Mais algumas tiradas do incrível presidente Jânio Quadros
Confira o novo texto do colunista Fernando Silva
Em 15 de agosto de 1961, Jânio Quadros desceu as rampas do Palácio do Planalto pela última vez, logo após surpreender o país com bizarra renúncia. Passo seguinte. O “homem da vassoura” embarcou num avião da FAB e viajou para São Paulo. Bebeu todas e mais algumas, durante o rápido percurso. Chegou à capital paulista completamente embriagado, mas com uma certeza na cabeça: voltaria a Brasília nos braços do povo.
Mas deu com os burros n’água. A população nem tomou conhecimento da atitude insana do ex-governador paulista. Quadros parecia não saber com que tipo de gente estava lidando. Ou apenas imaginava conhecer a raça tupiniquim. Depois dessa ação mal calculada, mergulhou no ostracismo por duas décadas. E só retornou ao cenário político para desinfetar a poltrona onde “nádegas indevidas sentaram”. Os traseiros de FCH comovidamente agradecem.
Esse “arranca-rabo” da década de 1980 foi apenas um pequeno aperitivo da rocambolesca carreira de Jânio. Há outros mais. No seu primeiro mandato à frente da Prefeitura da Pauliceia desvairada (1953 a 1955), ele adotou um procedimento estranho. Costumava perambular pela grande metrópole para fiscalizar o funcionamento dos órgãos governamentais. Assim, aparecia subitamente nas repartições públicas, a qualquer hora do dia ou da noite.

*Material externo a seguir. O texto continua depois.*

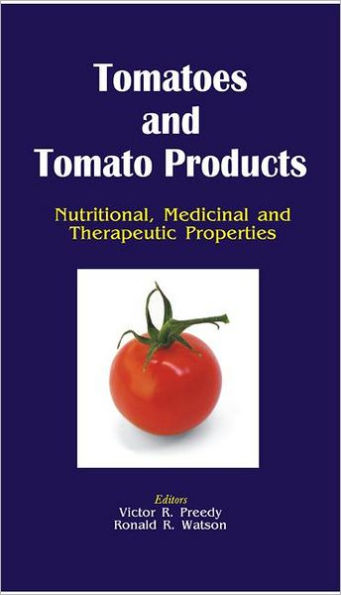 Tomatoes and Tomato Products: Nutritional, Medicinal and Therapeutic Properties / Edition 1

Numa madrugada, por exemplo, saiu como um sonâmbulo pelas ruas da cidade. Numa delegacia de periferia, apenas um policial e um delegado cumpriam plantão. De repente, o soldado interrompe o cochilo do delegado:
– Doutor, tem um bêbado chato, lá na porta, falando que é o prefeito e insiste em conversar com o senhor.
Morto de sono, o delegado retrucou:
-Meta o cassetete nesse vagabundo e bote-o para dormir numa das celas.
Mal acabou de falar isso, ouviu a inconfundível voz do chefe do Executivo- que entrou inesperadamente no recinto:
-O senhor, então, que coloque a senhora sua mãe atrás das grades. Respeite-me porque eu sou o prefeito da maior cidade do país.
O tresloucado político ocupou a presidência da República por apenas seis meses. Nesse período, tomou medidas polêmicas. A primeira delas foi até elogiável, de elevada sensibilidade: determinou o fim das rinhas de briga de galos em todo território nacional. E, falso moralista como ele só, proibiu o uso de biquínis nas praias brasileiras.
Era direitista radical e extremante conservador nos costumes. Mas patrocinou um ato totalmente contrário aos seus princípios ideológicos: condecorou Ernesto “Che” Guevara, um dos principais líderes da revolução comunista cubana, com a ordem do Cruzeiro do Sul- a mais importante honraria nacional. Os militares tupiniquins ficaram de cabelos em pé.
O mandatário tapuia tinha um costume exótico no seu dia a dia no exercício do poder. Só se comunicava com os ministros por meio de bilhetes. Jamais fazia reuniões. Nunca convocava assessores ao gabinete do terceiro andar do Palácio do Planalto. Ainda bem que renunciou. Jânio tinha um sonho megalomaníaco de consequências imprevisíveis. O “maluco” pretendia invadir e anexar a Guiana Francesa (Operação Cabralzinho). Ele desistiu de governar antes de cometer o desatino. E, como se vê, Deus realmente já foi brasileiro.
PS1: a condecoração a Che Guevara tem uma justificativa. Jânio- que era católico praticante- recebeu uma informação assustadora: os revolucionários cubanos mandariam 20 padres para o temível “paredon”. O chefe de estado brasileiro ligou para o guerrilheiro argentino e pediu para que os sacerdotes fossem perdoados. O governo Fidel Castro atendeu ao presidente do Brasil e comutou a perna de morte para prisão perpétua. Como reconhecimento, Jânio condecorou Guevara com a ordem do Cruzeiro do Sul, em 19 de agosto de 1961, no Palácio do Planalto. Seis dias depois da polêmica solenidade, o presidente renunciaria.
PS2: numa ocasião, durante o curto mandato, o jornalista Samuel Wainer foi em Palácio para entrevistar o presidente. Jânio botou uma garrafa de vinho na mesa. No decorrer do bate-papo, o mandarim da república encheu um copo atrás do outro. E pior. Ingeria o líquido de uma só vez. Em uma hora, o “homem da vassoura” consumiu duas garrafas da bebida. Detalhe: não ofereceu uma gota sequer para o famoso repórter que, por sinal, jamais dispensaria a oferta. Wainer também era “halterocopista”.